━━━ RECORDS PROVIDED

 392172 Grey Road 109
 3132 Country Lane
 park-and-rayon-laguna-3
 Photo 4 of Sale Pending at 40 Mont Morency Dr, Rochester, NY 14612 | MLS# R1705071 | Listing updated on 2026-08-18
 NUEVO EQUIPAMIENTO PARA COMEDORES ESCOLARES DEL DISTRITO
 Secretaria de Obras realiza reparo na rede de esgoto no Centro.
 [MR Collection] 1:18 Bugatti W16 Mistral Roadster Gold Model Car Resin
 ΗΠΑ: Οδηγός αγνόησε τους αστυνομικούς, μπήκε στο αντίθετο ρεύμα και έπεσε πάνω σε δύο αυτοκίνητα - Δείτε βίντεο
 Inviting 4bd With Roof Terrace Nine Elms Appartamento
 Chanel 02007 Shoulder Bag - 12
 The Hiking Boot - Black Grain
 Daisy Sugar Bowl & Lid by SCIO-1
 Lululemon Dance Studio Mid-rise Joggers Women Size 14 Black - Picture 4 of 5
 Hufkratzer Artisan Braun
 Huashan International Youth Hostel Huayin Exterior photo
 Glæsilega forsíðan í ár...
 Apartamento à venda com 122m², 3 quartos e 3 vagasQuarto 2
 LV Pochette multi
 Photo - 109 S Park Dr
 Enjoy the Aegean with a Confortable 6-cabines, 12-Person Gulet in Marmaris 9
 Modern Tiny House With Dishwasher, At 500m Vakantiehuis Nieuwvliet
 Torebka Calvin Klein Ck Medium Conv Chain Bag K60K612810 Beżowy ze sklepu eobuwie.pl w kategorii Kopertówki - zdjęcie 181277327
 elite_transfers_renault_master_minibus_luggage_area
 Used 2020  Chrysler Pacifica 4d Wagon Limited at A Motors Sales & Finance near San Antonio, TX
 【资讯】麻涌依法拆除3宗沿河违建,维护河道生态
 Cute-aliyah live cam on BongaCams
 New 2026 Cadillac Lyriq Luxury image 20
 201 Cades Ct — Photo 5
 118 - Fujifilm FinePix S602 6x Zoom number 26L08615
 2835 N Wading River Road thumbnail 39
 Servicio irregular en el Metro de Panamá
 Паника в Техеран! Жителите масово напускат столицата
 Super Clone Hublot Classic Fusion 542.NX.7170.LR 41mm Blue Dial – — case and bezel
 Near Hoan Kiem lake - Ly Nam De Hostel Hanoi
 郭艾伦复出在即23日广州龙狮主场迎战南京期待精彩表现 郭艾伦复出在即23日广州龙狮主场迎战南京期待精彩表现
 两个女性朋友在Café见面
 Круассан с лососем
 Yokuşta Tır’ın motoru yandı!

━━━━━━

ACTIVITY
In the records above, locate the line that contains "2835 N Wading River Road thumbnail 39". Repeat it and every line after it, exactly, and nothing else.

RESULT FOR THIS EXERCISE
 2835 N Wading River Road thumbnail 39
 Servicio irregular en el Metro de Panamá
 Паника в Техеран! Жителите масово напускат столицата
 Super Clone Hublot Classic Fusion 542.NX.7170.LR 41mm Blue Dial – — case and bezel
 Near Hoan Kiem lake - Ly Nam De Hostel Hanoi
 郭艾伦复出在即23日广州龙狮主场迎战南京期待精彩表现 郭艾伦复出在即23日广州龙狮主场迎战南京期待精彩表现
 两个女性朋友在Café见面
 Круассан с лососем
 Yokuşta Tır’ın motoru yandı!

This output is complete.